You need to ask yourself, what part of your business is THE most critical? What are you going to do in the event of X, Y or Z happening? Building that risk management disaster and recovery plan helps you recognize and address where you have shortcomings.

Running a risk assessment means going through your business, layer by layer, and looking at the different processes you have in place and really understanding how they interact (or don’t). Once you have data, you need to understand what’s changed policy-wise since the last time you ran an assessment, such as firewall requirements, VPN adoption, and more. Those updates may have altered how those interactions work, without your knowledge.

Documentation is Key in Disaster Recovery

Developing a disaster recovery plan is about process, process, process. Your organization should have something in place that says, for example, “if I’m making a firewall change, I must have a second set of eyes look at it to make sure it passes the sniff test.”

Anytime there are security process updates, policy changes, etc., you need justification and documentation.
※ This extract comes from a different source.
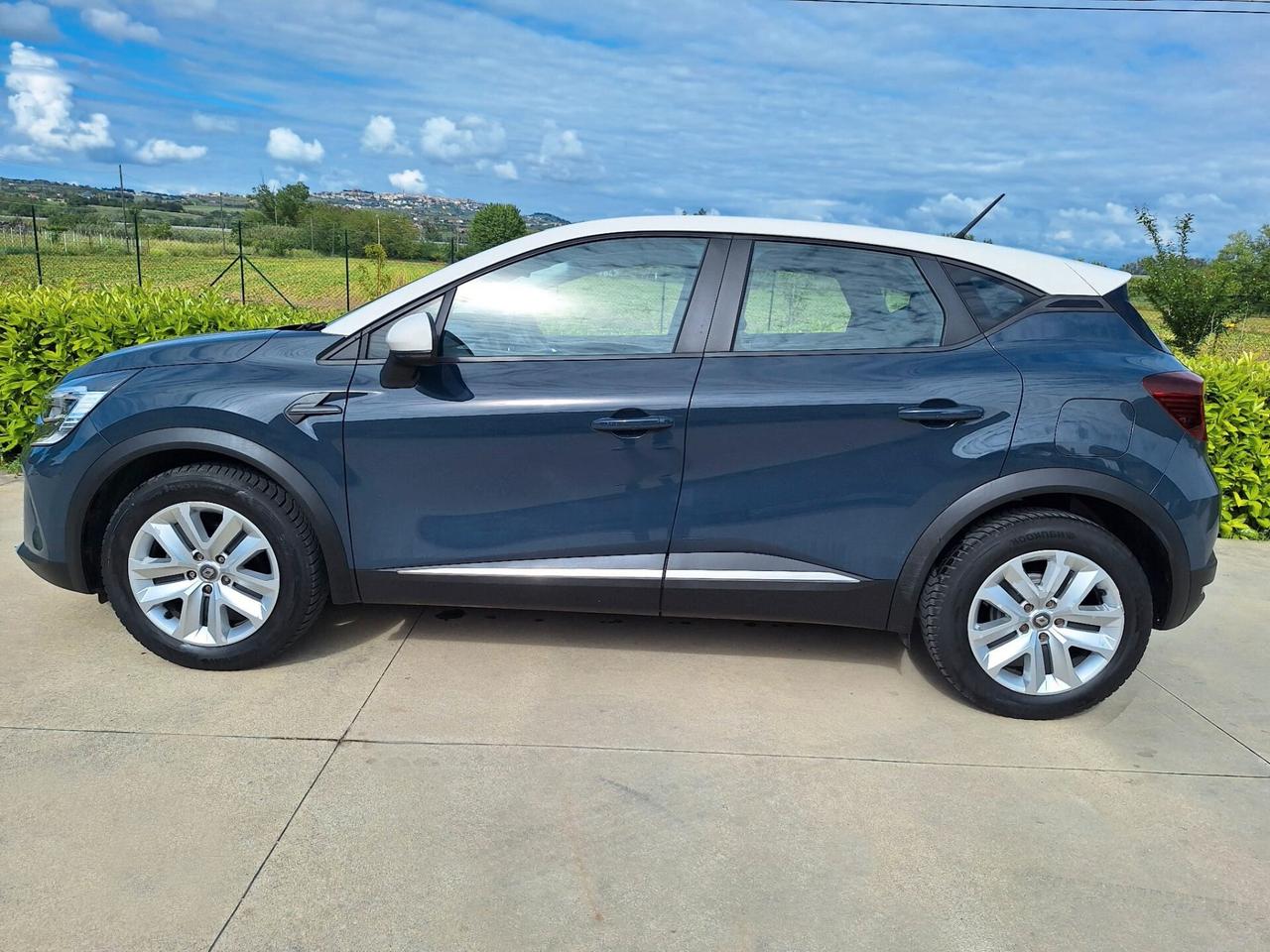 Renault Captur TCe 100 CV GPL Business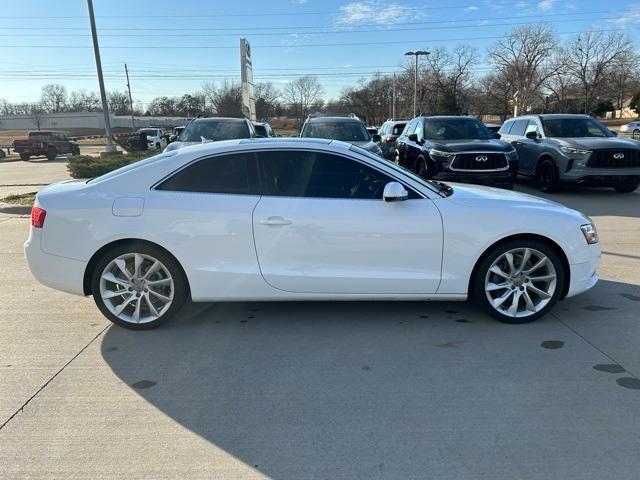 used 2014 Audi A5 car, priced at $12,499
Why were changes made, what changes were made, and how do those changes affect the systems currently in place?

Documentation also requires that someone other than the requestor of the change reviews the changes and understands the potential impact.
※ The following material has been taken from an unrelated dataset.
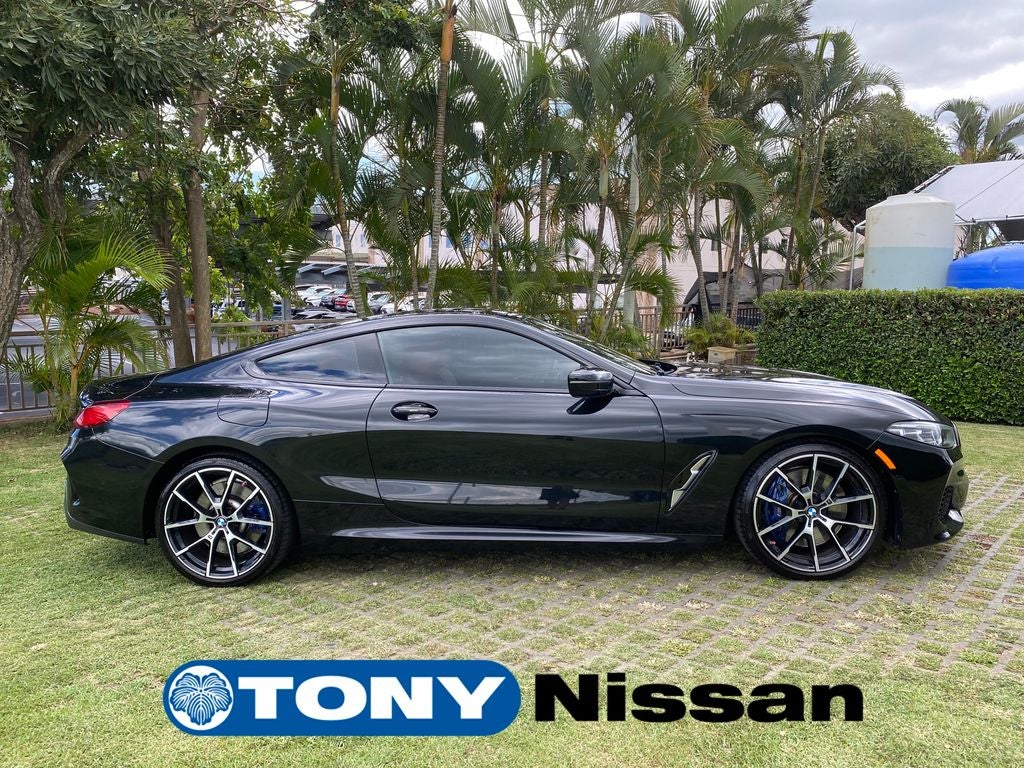 2020 BMW 8 Series 840i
The process of documenting all changes that occur during the year will help highlight issues that need to be addressed before a disaster.

Consider:

  • What upgrades were made to the system?
  • What patches were released and to which system?
  • Are all the monitors on the same system?
  • Are the back-ups automatically slated to kick in when needed; and
  • What physical equipment was replaced during the year and why.

Use Communications to Mitigate Customer Impact

The quicker you recover, the quicker you communicate and inform everybody that needs to be informed, the better off you’re going to be. In the end, this allows you to fully inform customers and stakeholders of an outage event

Having a strong communication strategy built into your disaster recovery plan can mitigate the financial impact of a disaster, as well as the operational impact, because everyone on your team and in your organization knows who is in charge and what their individual responsibilities are. You eliminate confusion, panic, and overlap which, in turn, helps you better manage the customer impact.

When a disaster strikes a team with no plan for communication strategy, the situation will likely devolve into chaos almost immediately. Therefore, it’s crucial, from an operational standpoint, to be sure the team know who’s responsible for what, and their role in helping work through a disaster or outage.

Things to Consider with Disaster Recovery

  • Is there a phone/call chain to follow in a disaster?
  • Does everyone have a copy of the phone chain?
  • Who are the back-up personnel if someone on that phone chain can’t be reached?
  • Who assumes operations control of a facility in a disaster?
  • Who fields calls and emails from customers?
  • What is the message to those customers?
  • If one facility is off-line, will calls automatically roll over to a different facility?

The list goes on.

The whole process of mitigating the customer impact is about ensuring that the needed personnel and resources are available in a situation because your goal is to maintain the same level of security, no matter what’s happened. You don’t want anything to escalate out of your control. Building a communication strategy into your disaster plan helps you properly control what you can control in an uncontrollable situation.

The best way to be ready for a disaster is to have a security program in place. This helps mitigate some of the things that can happen, because usually, if you prepare ahead of time, you’re in a better situation when something does occur.